Specifically, he’s worth $439.2 billion.
For reference, the next richest men alive are Amazon (AMZN) founder and Blue Origin owner Jeff Bezos, Meta (META) CEO Mark Zuckerberg, and Oracle (ORCL) Chief Technology Officer Larry Ellison, according to the Bloomberg Billionaire Index. They’re worth, respectively, $244 billion, $219 billion, and $197 billion. Musk is also at least as wealthy as Mansa Musa, the emperor of the West African Mali Empire and previous record holder of richest man to ever live, who historians estimate was worth around $400 billion, according to the BBC.
The impetus for Musk’s latest surge in wealth is SpaceX’s newfound value of $350 billion, which makes it the most valuable startup in the world. On Wednesday, SpaceX and its investors agreed to buy $1.25 billion of shares from employees and company insiders.
“What’s really crazy about this is that almost no investors wanted to sell shares even at a $350B valuation! SpaceX reduced the amount of shares it bought back from employees in order to allow some new investors in,” Musk wrote on his X Wednesday.
Besides SpaceX, Musk is the CEO of Tesla and owner of X. Corp. His other companies include artificial intelligence startup xAI, brain chip firm Neuralink, and tunneling firm The Boring Company.
xAI, recently raised $6 billion at a $50 billion valuation less than two years after he founded it. That’s also more than double its valuation in May, when it was valued at $24 billion at a value of $6 billion from backers like Andreessen Horowitz and Saudi Arabian investor Prince Alwaleed bin Talal.
Musk owns more than 13% of Tesla shares, which have surged since President-elect Donald Trump won the presidential election in November. The stock climbed to a new record of $415 per share on Wednesday, narrowly surpassing its prior record for intraday trading of $414.50 per share on Nov. 4, 2021.
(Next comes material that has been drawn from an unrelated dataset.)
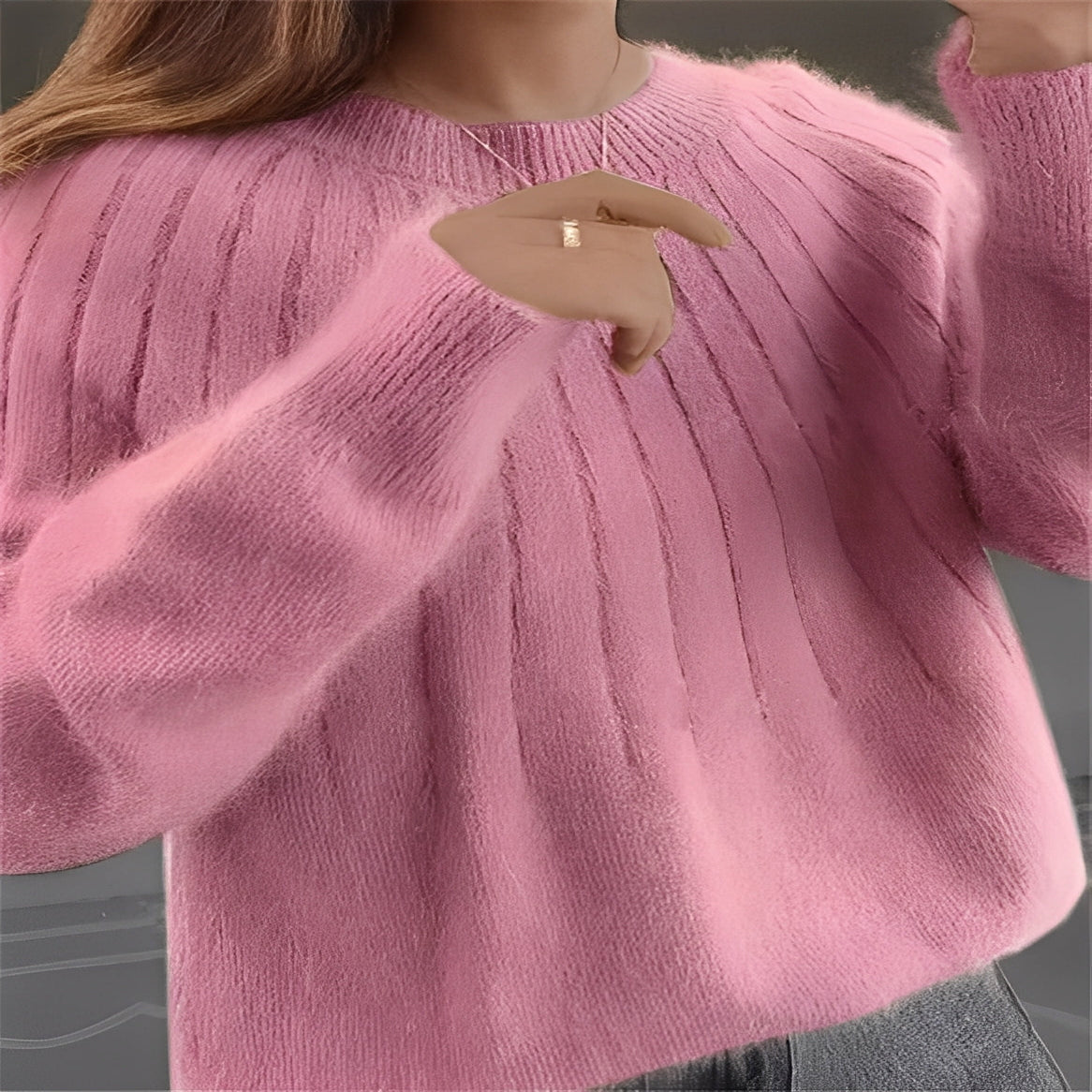 Womens Soft Knit Pullover Sweater with Breathable Weave and Relaxed Fit for Cool Weather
In recent weeks, investors have been excited by Trump’s potential actions that could aid the automaker, including streamlining autonomous vehicle regulations and ending the $7,500 consumer tax credits for electric vehicles. Musk has said that ending those credits will hurt Tesla’s rivals more than it damages his company, although analysts expect some downside in the short term.
Several analysts have also raised their price targets for the stock in recent days as they look to catch up with the stock surge, often pointing to Tesla’s plans for driverless vehicles and humanoid robots.